━━ Data

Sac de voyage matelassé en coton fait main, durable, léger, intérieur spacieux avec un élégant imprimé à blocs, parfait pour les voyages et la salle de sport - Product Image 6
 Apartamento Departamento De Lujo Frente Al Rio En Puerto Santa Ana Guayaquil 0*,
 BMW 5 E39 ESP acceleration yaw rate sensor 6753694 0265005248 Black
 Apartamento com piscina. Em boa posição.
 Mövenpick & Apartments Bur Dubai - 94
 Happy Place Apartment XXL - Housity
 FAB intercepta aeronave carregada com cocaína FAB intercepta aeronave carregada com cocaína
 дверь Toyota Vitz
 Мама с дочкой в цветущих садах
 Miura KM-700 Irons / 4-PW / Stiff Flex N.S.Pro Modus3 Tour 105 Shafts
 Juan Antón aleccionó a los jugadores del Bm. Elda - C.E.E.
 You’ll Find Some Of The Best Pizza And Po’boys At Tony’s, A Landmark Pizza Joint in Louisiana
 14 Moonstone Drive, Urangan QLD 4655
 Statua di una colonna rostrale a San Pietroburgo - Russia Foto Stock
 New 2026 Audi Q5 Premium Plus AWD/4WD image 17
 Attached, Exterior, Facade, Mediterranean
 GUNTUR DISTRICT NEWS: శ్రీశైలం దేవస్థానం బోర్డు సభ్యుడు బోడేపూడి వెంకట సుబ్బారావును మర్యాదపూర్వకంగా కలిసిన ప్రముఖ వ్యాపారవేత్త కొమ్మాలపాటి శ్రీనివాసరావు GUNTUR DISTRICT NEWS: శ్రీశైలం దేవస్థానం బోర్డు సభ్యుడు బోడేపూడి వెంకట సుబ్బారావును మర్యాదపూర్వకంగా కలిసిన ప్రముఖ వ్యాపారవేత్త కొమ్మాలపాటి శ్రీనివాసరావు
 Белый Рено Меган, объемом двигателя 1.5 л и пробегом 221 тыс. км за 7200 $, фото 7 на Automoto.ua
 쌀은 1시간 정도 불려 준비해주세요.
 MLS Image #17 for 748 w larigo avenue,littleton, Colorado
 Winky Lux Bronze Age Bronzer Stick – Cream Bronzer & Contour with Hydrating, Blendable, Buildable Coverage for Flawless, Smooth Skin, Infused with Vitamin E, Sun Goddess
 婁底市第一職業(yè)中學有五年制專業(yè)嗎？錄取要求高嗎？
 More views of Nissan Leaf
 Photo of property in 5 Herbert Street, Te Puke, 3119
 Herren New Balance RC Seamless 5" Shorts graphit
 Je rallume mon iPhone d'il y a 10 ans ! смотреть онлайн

━━━━

▸ Your goal: Nothing above should be left out; write out every record exactly.

▸ Solution for this task:
Sac de voyage matelassé en coton fait main, durable, léger, intérieur spacieux avec un élégant imprimé à blocs, parfait pour les voyages et la salle de sport - Product Image 6
 Apartamento Departamento De Lujo Frente Al Rio En Puerto Santa Ana Guayaquil 0*,
 BMW 5 E39 ESP acceleration yaw rate sensor 6753694 0265005248 Black
 Apartamento com piscina. Em boa posição.
 Mövenpick & Apartments Bur Dubai - 94
 Happy Place Apartment XXL - Housity
 FAB intercepta aeronave carregada com cocaína FAB intercepta aeronave carregada com cocaína
 дверь Toyota Vitz
 Мама с дочкой в цветущих садах
 Miura KM-700 Irons / 4-PW / Stiff Flex N.S.Pro Modus3 Tour 105 Shafts
 Juan Antón aleccionó a los jugadores del Bm. Elda - C.E.E.
 You’ll Find Some Of The Best Pizza And Po’boys At Tony’s, A Landmark Pizza Joint in Louisiana
 14 Moonstone Drive, Urangan QLD 4655
 Statua di una colonna rostrale a San Pietroburgo - Russia Foto Stock
 New 2026 Audi Q5 Premium Plus AWD/4WD image 17
 Attached, Exterior, Facade, Mediterranean
 GUNTUR DISTRICT NEWS: శ్రీశైలం దేవస్థానం బోర్డు సభ్యుడు బోడేపూడి వెంకట సుబ్బారావును మర్యాదపూర్వకంగా కలిసిన ప్రముఖ వ్యాపారవేత్త కొమ్మాలపాటి శ్రీనివాసరావు GUNTUR DISTRICT NEWS: శ్రీశైలం దేవస్థానం బోర్డు సభ్యుడు బోడేపూడి వెంకట సుబ్బారావును మర్యాదపూర్వకంగా కలిసిన ప్రముఖ వ్యాపారవేత్త కొమ్మాలపాటి శ్రీనివాసరావు
 Белый Рено Меган, объемом двигателя 1.5 л и пробегом 221 тыс. км за 7200 $, фото 7 на Automoto.ua
 쌀은 1시간 정도 불려 준비해주세요.
 MLS Image #17 for 748 w larigo avenue,littleton, Colorado
 Winky Lux Bronze Age Bronzer Stick – Cream Bronzer & Contour with Hydrating, Blendable, Buildable Coverage for Flawless, Smooth Skin, Infused with Vitamin E, Sun Goddess
 婁底市第一職業(yè)中學有五年制專業(yè)嗎？錄取要求高嗎？
 More views of Nissan Leaf
 Photo of property in 5 Herbert Street, Te Puke, 3119
 Herren New Balance RC Seamless 5" Shorts graphit
 Je rallume mon iPhone d'il y a 10 ans ! смотреть онлайн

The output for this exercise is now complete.